The time to take action is before damage is done. To spray as soon as insect pest numbers begin to build is prudent. You can be certain the pests are not going to go away; their numbers will only increase. When the damage is significant, it is too late

Lessened yield is money lost forever. You can do better next year but you can’t get back the losses of the year you’re in now.

 
After the first spray, how long should you wait for the follow up?
The short answer is: spray/mist as soon as the pest population has built to the stage before significant damage is about to occur. You don’t spray just because it’s a week or two weeks; you get out the equipment because you have pests to kill. 

How do you tell?
After the first spray, around 90+% of pests should be dead. There will be some egg-hatching say next day and depending on your pest and the climatic conditions, it could be 14-21 days before the nymphs/larvae get to  become adults. A close inspection of insects in a cluster usually reveals immature stages and some adults. The adults will usually be the ones with wings and, wings means sexual maturity which means more eggs (300-400 per female is quite normal). This is just one indicator that it is time to spray/mist.

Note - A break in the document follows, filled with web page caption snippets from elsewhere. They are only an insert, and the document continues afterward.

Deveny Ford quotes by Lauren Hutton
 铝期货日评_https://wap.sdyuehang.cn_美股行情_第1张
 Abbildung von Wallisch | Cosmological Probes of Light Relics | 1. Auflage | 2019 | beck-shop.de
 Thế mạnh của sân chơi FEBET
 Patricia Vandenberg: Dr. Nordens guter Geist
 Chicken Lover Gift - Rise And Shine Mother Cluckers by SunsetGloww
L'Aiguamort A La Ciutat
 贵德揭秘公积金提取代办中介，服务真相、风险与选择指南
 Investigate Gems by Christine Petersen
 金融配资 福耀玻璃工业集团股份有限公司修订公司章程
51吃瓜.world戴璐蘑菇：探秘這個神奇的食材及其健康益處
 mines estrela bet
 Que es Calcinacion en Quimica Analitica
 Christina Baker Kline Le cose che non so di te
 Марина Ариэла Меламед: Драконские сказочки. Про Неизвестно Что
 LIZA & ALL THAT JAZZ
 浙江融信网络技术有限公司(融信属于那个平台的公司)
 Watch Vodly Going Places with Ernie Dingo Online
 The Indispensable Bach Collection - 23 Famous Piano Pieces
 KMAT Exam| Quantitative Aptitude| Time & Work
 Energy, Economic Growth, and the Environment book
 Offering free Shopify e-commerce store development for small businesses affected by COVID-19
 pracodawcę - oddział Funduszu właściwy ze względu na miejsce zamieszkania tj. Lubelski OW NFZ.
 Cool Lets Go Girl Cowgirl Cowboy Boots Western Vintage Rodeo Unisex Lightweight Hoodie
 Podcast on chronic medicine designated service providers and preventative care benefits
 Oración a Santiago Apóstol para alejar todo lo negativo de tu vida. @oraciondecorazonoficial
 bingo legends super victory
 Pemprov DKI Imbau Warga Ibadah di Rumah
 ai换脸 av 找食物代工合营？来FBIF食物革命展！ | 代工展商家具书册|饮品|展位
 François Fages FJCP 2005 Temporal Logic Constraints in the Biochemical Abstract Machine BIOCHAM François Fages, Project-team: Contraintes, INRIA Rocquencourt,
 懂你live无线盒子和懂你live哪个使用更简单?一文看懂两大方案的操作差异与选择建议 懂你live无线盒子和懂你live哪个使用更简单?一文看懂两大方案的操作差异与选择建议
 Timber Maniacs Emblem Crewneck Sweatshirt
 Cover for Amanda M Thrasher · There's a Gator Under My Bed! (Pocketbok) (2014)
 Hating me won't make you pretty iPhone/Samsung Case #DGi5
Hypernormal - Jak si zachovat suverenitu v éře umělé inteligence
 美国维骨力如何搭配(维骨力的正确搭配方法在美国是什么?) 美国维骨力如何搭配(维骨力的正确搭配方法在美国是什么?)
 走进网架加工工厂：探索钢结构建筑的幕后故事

Smart growers are always checking for pests. Pests can fly in, suddenly in droves of monoleptas for instance, or thrips, etc., but the population may alternatively build over a couple of generations. The stage the crop is at also has a bearing on the decision; if a pest is not affecting the fruiting process (by eating some foliage but not to the stage photosynthesis is significantly reduced) control measures can probably be delayed.

When harvest is imminent, the timing can be crucial. PyBo’s 1-day withholding period is a comfort to have up your sleeve.